For a long time, activists have frequently lumped public transit (including bus, Streetcar, and light rail) together in with various means of human-powered locomotion, including walking and bicycling. Today, TriMet and the Bicycle Transportation Alliance are proud to announce the HUMP-IT program. HUMP-IT, or Human Powered Intermodal Transportation, is intended to usher in a new age of Active Transit, in which commuters travel together using zero-emissions, human-powered vehicles.
A prototype vehicle, in TriMet livery, is shown below.
Unlike traditional busses, which are powered by fossil fuels such as diesel or CNG (compressed natural gas), or powered by electricity generated in various ways which are bad for the environment, HUMP-IT vehicles (being human powered) are true zero-emissions transit vehicles.

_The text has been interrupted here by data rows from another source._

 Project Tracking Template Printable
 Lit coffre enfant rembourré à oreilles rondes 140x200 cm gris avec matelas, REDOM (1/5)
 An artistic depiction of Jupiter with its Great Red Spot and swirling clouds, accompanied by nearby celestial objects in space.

Riders of HUMP-IT vehicles will have two choices. Those who bring bicycles on board can simply mount their bikes into the HUMP-IT chassis, and then ride their bikes as they ride the bus. Those without bikes of their own can mount a fixed pedal station, and a mechanical power-transfer system will insure their physical inputs are transmitted to the wheels. BTA Executive Director Rob Sadowsky agreed, noting that many hard-core Portland cyclists have had an aversion to public transit. “With HUMP-IT, we’re hoping that even the skeptical members of our community will get on board”.
While the prototype vehicle shown above is uncovered, TriMet indicates that production vehicles will provide shelter from the elements.

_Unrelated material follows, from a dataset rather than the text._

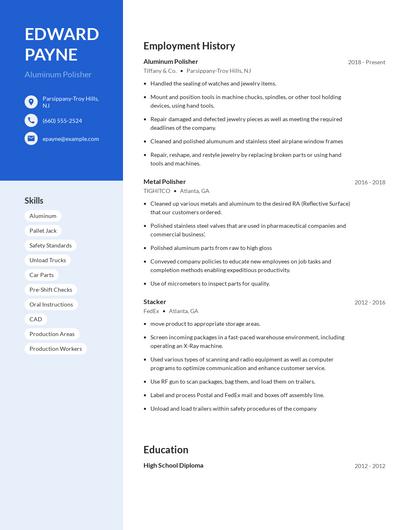 Aluminum Polisher Resume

According to Neil McFarlane, TriMet general manager, “with HUMP-IT, we are trying to solve a fundamental problem that bicycle commuters face when using public transit. Frequently, there is no room on board the bus or the train for a bicycle, and the bike lifts on our bus fleet frequently slow other travelers down. With HUMP-IT vehicles, attaching a bicycle to the bus chassis is trivial, with an ISO-standard mount.”
McFarlane also indicated that the zero-energy consumption of HUMP-IT vehicles would result in lower fares. “With HUMP-IT, we don’t have to pay for diesel or electricity, so of course we are going to pass the savings along to our riders”. However, advocates for OPAL were unimpressed, stating that it was inhumane and unfair for the poor to have to exercise for a lower fare. “We just want a fare that’s fair, so our constituents will fare better”, said an OPAL spokesman.
TriMet spokesperson Mary Fetsch stated that HUMP-IT vehicles may be deployed as early as Fiscal Year 2015. “We plan to put them on some of the shorter downtown routes, first. Those routes stop frequently, thus making the low top speed of HUMP-IT vehicles less of a problem. Plus, the frequent stops will give passengers a chance to rest. It wouldn’t be suitable to use HUMP-IT on express busses, partciularly the 94. Although that’s tempting…” When asked if she expected slow speed to be a problem, Fetsch responded, “Hey, it’s still faster than the Streetcar”.